RNase-Resistant Virus-Like Particles Containing Long Chimeric RNA Sequences Produced by Two-Plasmid Coexpression System{triangledown}

Yuxiang Wei,1,2,{dagger} Changmei Yang,1,2,{dagger} Baojun Wei,1,2 Jie Huang,1,2 Lunan Wang,2 Shuang Meng,2 Rui Zhang,2 and Jinming Li1,2*

Graduate School, Peking Union Medical College, Chinese Academy of Medical Sciences, Beijing, People's Republic of China,1 Department of Immunoassay and Molecular Diagnosis, National Center for Clinical Laboratory, Beijing Hospital, Beijing, People's Republic of China2

Received 20 November 2007/ Returned for modification 28 December 2007/ Accepted 16 February 2008

RNase-resistant, noninfectious virus-like particles containing exogenous RNA sequences (armored RNA) are good candidates as RNA controls and standards in RNA virus detection. However, the length of RNA packaged in the virus-like particles with high efficiency is usually less than 500 bases. In this study, we describe a method for producing armored L-RNA. Armored L-RNA is a complex of MS2 bacteriophage coat protein and RNA produced in Escherichia coli by the induction of a two-plasmid coexpression system in which the coat protein and maturase are expressed from one plasmid and the target RNA sequence with modified MS2 stem-loop (pac site) is transcribed from another plasmid. A 3V armored L-RNA of 2,248 bases containing six gene fragments—hepatitis C virus, severe acute respiratory syndrome coronavirus (SARS-CoV1, SARS-CoV2, and SARS-CoV3), avian influenza virus matrix gene (M300), and H5N1 avian influenza virus (HA300)—was successfully expressed by the two-plasmid coexpression system and was demonstrated to have all of the characteristics of armored RNA. We evaluated the 3V armored L-RNA as a calibrator for multiple virus assays. We used the WHO International Standard for HCV RNA (NIBSC 96/790) to calibrate the chimeric armored L-RNA, which was diluted by 10-fold serial dilutions to obtain samples containing 106 to 102 copies. In conclusion, the approach we used for armored L-RNA preparation is practical and could reduce the labor and cost of quality control in multiplex RNA virus assays. Furthermore, we can assign the chimeric armored RNA with an international unit for quantitative detection.


* Corresponding author. Mailing address: Department of Immunoassay and Molecular Diagnosis, National Center for Clinical Laboratory, 1 Dahua Road, Dongdan, Beijing 100730, People's Republic of China.
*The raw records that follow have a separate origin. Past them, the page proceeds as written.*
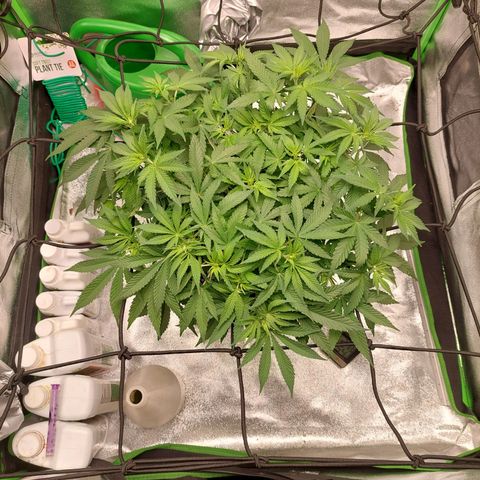 Royal Cookies growlog timeline photo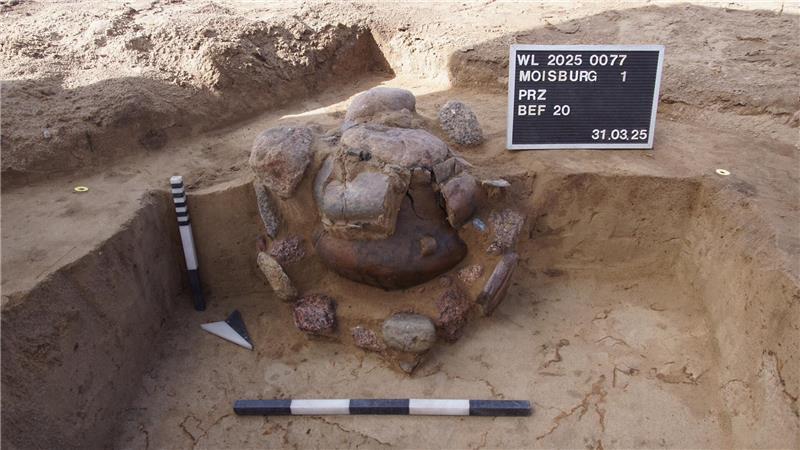 Archäologen entdecken nahe Immenbeck 30 Gräber Fund in Moisburg.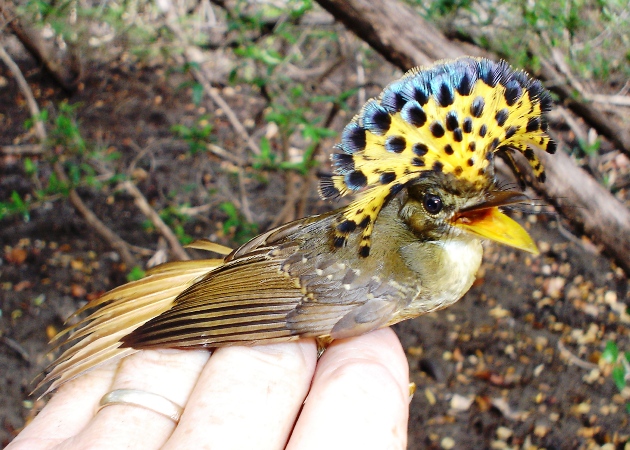 Photo (1): Royal Flycatcher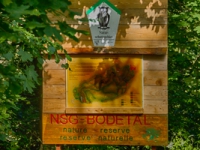 Informationstafel Naturschutzgebiet Bodetal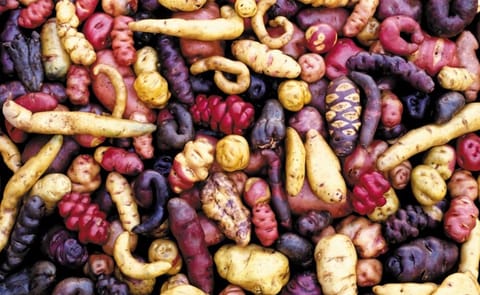 Selection of Andean wild potatoes Selection of Andean wild potatoes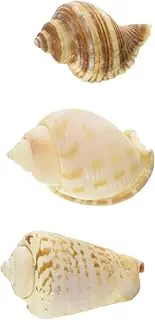 Hermit Crab Growth Shell Sm 3pk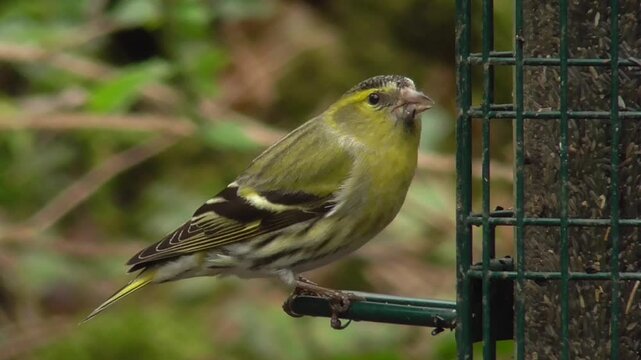 Male Eurasian Siskin (Spinus spinus) Feeding On A Nyjer, Or Niger, Seed Feeder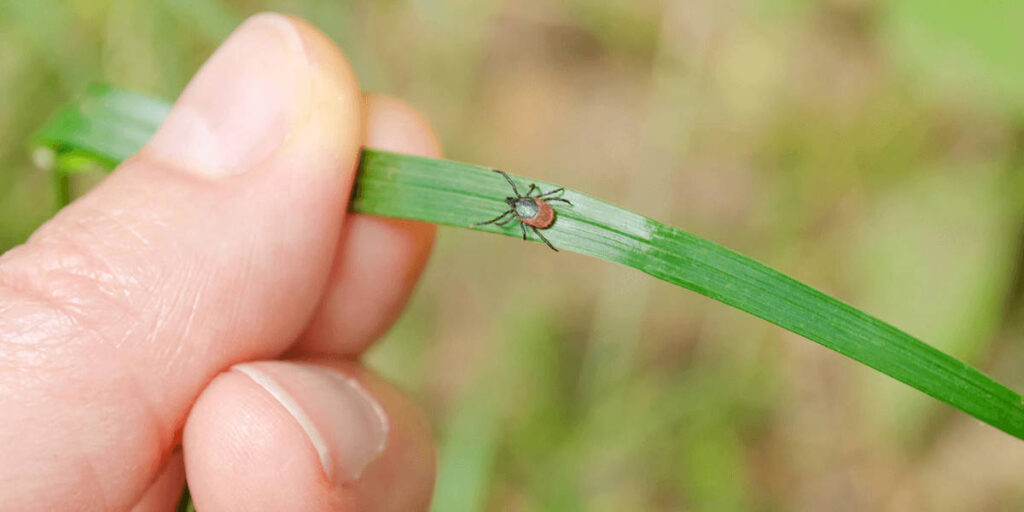 How Long Do Ticks Live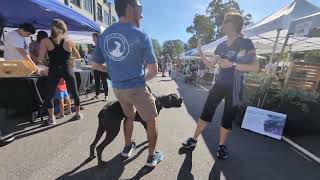 Brutus at Cary Farmers Market [upl. by Trebreh]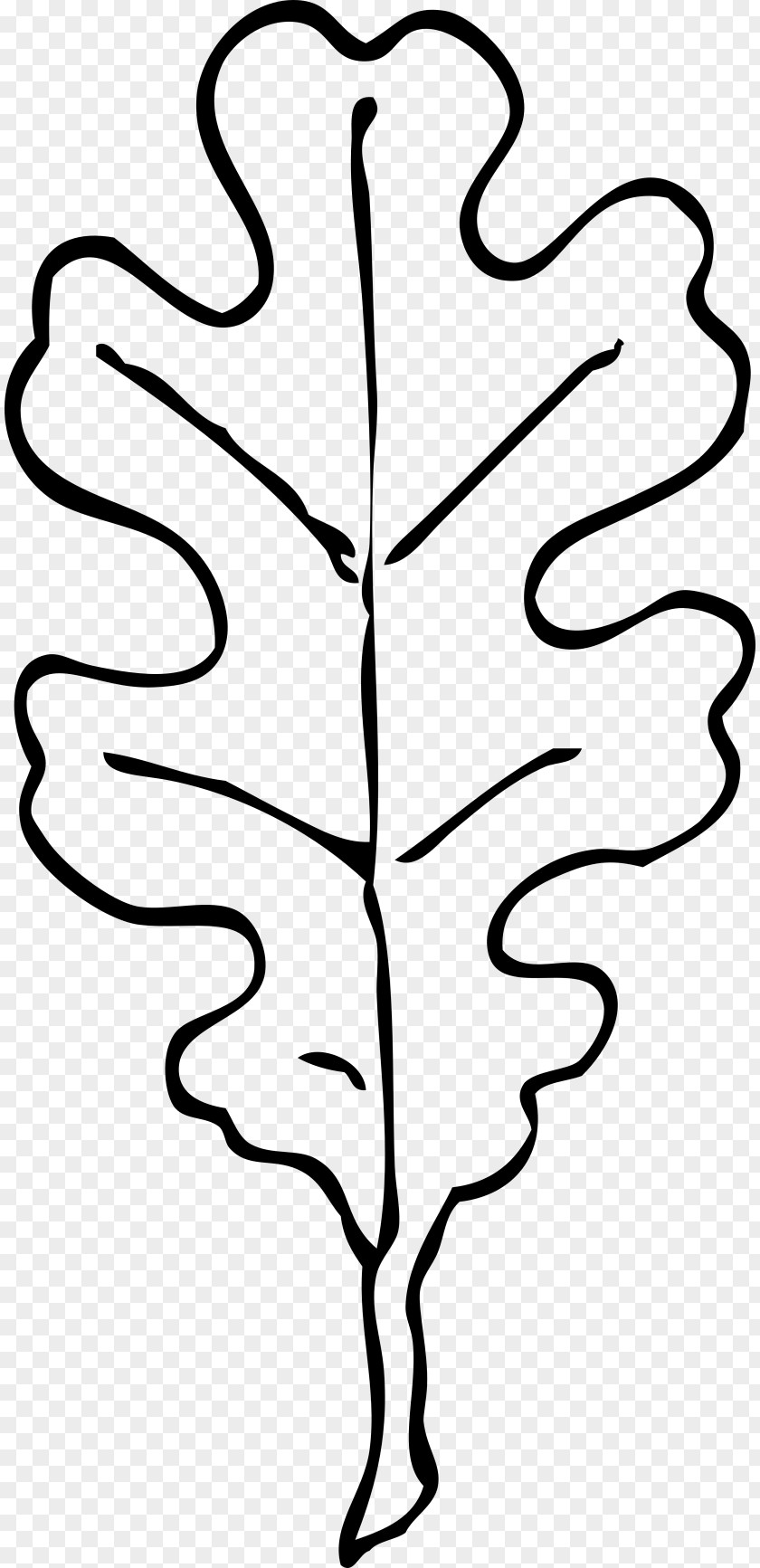 Leaf Black White Oak Drawing Clip Art PNG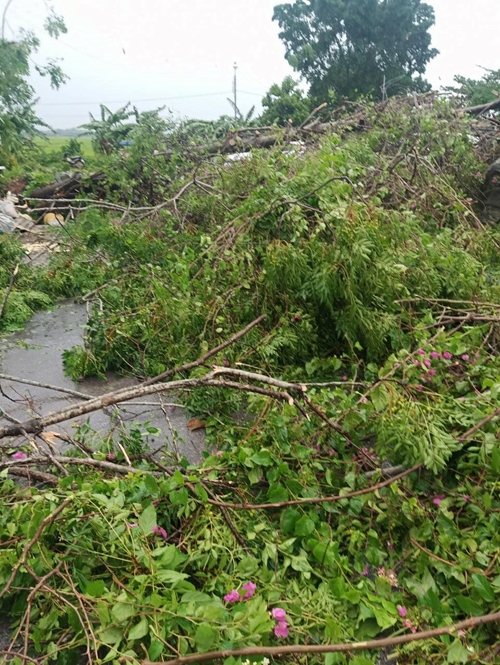 Bão số 3 gây thiệt hại tại Quảng Ninh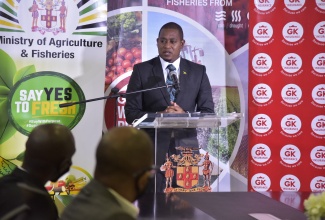 Minister of Agriculture and Fisheries, Hon. Floyd Green.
Phone: 86-10-58115053. Fax: 86-10-65212064. E-mail: ljm63hn{at}yahoo.com.cn

{triangledown} Published ahead of print on 27 February 2008.

{dagger} Y.W. and C.Y. contributed equally to this study.


Journal of Clinical Microbiology, May 2008, p. 1734-1740, Vol. 46, No. 5
0095-1137/08/$08.00+0     doi:10.1128/JCM.02248-07
Copyright © 2008, American Society for Microbiology. All Rights Reserved.




This article has been cited by other articles:

  • Zhan, S., Li, J., Xu, R., Wang, L., Zhang, K., Zhang, R. (2009). Armored Long RNA Controls or Standards for Branched DNA Assay for Detection of Human Immunodeficiency Virus Type 1. J. Clin. Microbiol. 47: 2571-2576 [Abstract] [Full Text]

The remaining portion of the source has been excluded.